Back in 2015 the minimum wage was $14.25. That’s about a 40% increase if my maths is right. For farm staff, employees must be paid at least the minimum wage for every hour they work on farm whether they are employed on an hourly rate or on a salary and it can’t be averaged out over a season. If you pay weekly it has to be weekly, if you pay fortnightly it has to be fortnightly but if you pay monthly it still has to be for a fortnight. Two weeks is the most you can average the hours out over.

If you have employed a staff member on a salary, the number of hours they can work for that salary have now been reduced.

Someone on $40,000/year can now only work 38 hours a week, on $50,000/year they can work 48 hours a week.

If they work more hours than that then you have to pay them more.

And no, you can’t give them a load of firewood or some meat in the freezer to compensate for a late night milking because the power was out.

The minimum wage has to be paid in real money.

 

Deductions and breaks

Such things as housing, firewood and meat can be deducted from the wages if the employee agrees to it first and it has to be recorded separately on the employment contract. It also has tax implications so always talk to your accountant about it.

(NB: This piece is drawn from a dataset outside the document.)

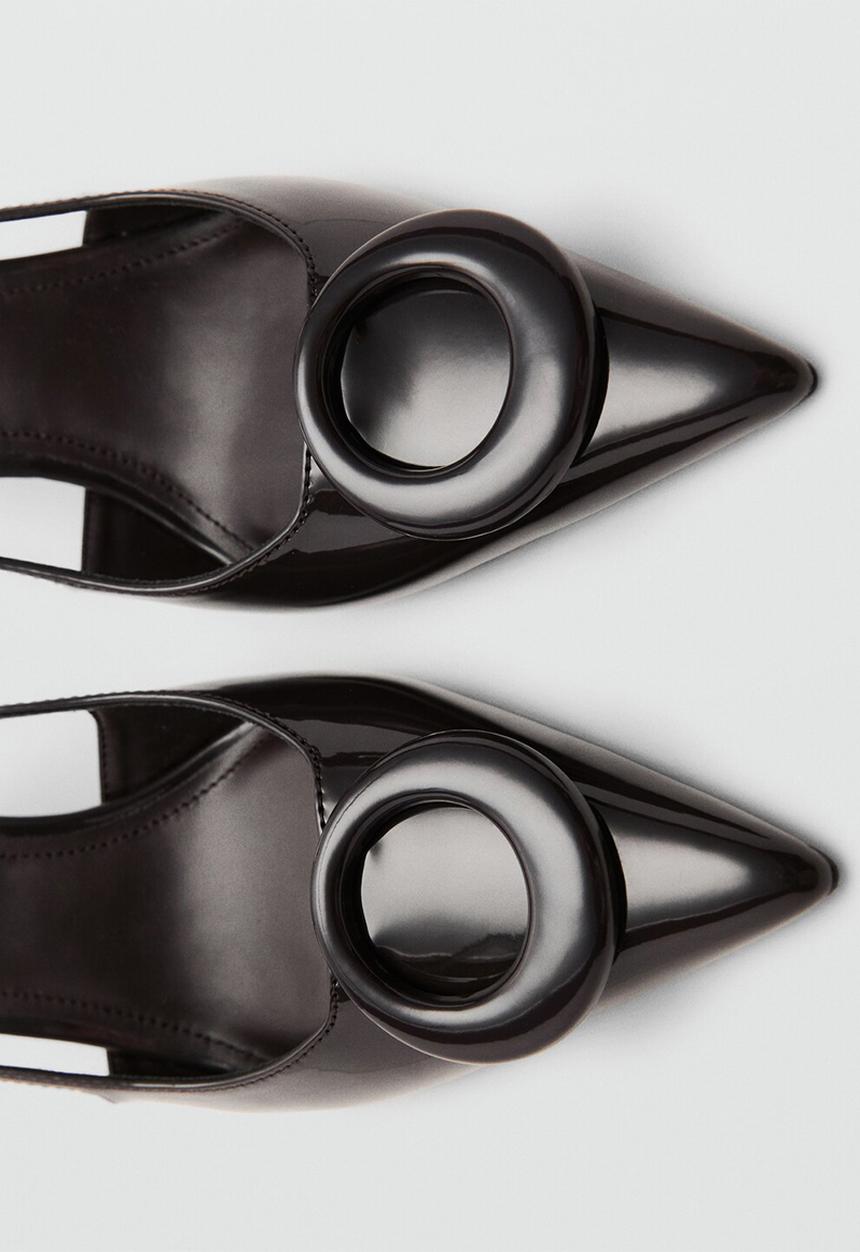 MANGO - Clea heel - dark brown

As an employer, you must keep accurate records of hours worked per week, wages paid and leave taken to show you are doing everything right.

If an employee is lax about giving you their hours then put a system in place to make sure it gets done every time correctly so there is no come back on you later.

And this includes breaks – don’t forget the 10 minute paid break after more than two hours has been worked. If milking takes two and a half hours you have to pay your relief milkers two hours and 40 minutes for it. If the pay is a set amount it must be at least $53.34 for that two hours and forty minutes to meet the minimum wage requirements.

I know it’s only 10 minutes for a break you hardly ever take but during a season it adds up, as does a possible legal bill if you ignore it.

There are a few groups of people who don’t need to be paid the minimum wage.

The first is under 16 year olds. You can pay them what you like but if they’re doing the same job as older employees on the farm and are doing it just as well maybe you should consider paying them the same.

If you were their parents you would want that, and 15 year olds are usually getting ready to buy their first car, save for tertiary education and might even want to buy the calves you don’t want. Giving them a step up will always be remembered.

The second group is those aged 16 and 17 who have not worked for a continuous six months for you.

The minimum wage rate, called the starting out minimum wage, for them is $16/hour. It also applies to 18 and 19 year olds who have come off a benefit.

Six months continuous work means simply they must have worked for you for six months, regardless of the hours.

If they have worked for someone else for six months and then come to you, they are back on the starting out minimum wage all over again. Unless, of course, you recognise they know what they’re doing and you want to keep them around and not have the neighbour entice them away with better pay.

“…you can’t give them a load of firewood or some meat in the freezer to compensate for a late night milking because the power was out.” 

But there is another minimum pay on farms as well – for migrant workers.

If you have an employee onfarm under a Skilled Migrant Category Resident Visa (skill level 1 -3) they must be paid a

minimum of $25.50/hour or equivalent annual salary. If they work 40 hours per week that’s a salary of $53,040 per year.

Whatever you pay in wages over the minimum wage should reflect the employee’s skill level including qualifications and years working on farms.

It has to be good enough to attract workers away from off-farm jobs which usually have day-time hours and all weekends off.

Living the good life onfarm is not enough.

Milking cows is long hours and the work is often physically and mentally exhausting.

As well, we don’t want a generation of farm staff who are only ever paid wages. If they are paid well enough so they can save, then they can start out as contract milkers and build their own businesses and pay their own employees.

But the minimum wage is not just about how much to pay your staff. It also sets a benchmark for business owners as well.

If contract milkers and sharemilkers are not being compensated at least the minimum wage for the long hours they work, both on the farm and in the office, through their business profit then they might think twice about doing it.

Sure they are gaining through their stock and write offs due to being in business plus they get to be their own boss, but there is nothing that quite deflates the ego as much as when you realise you would be better off on wages.

This is something all farm owners need to think about.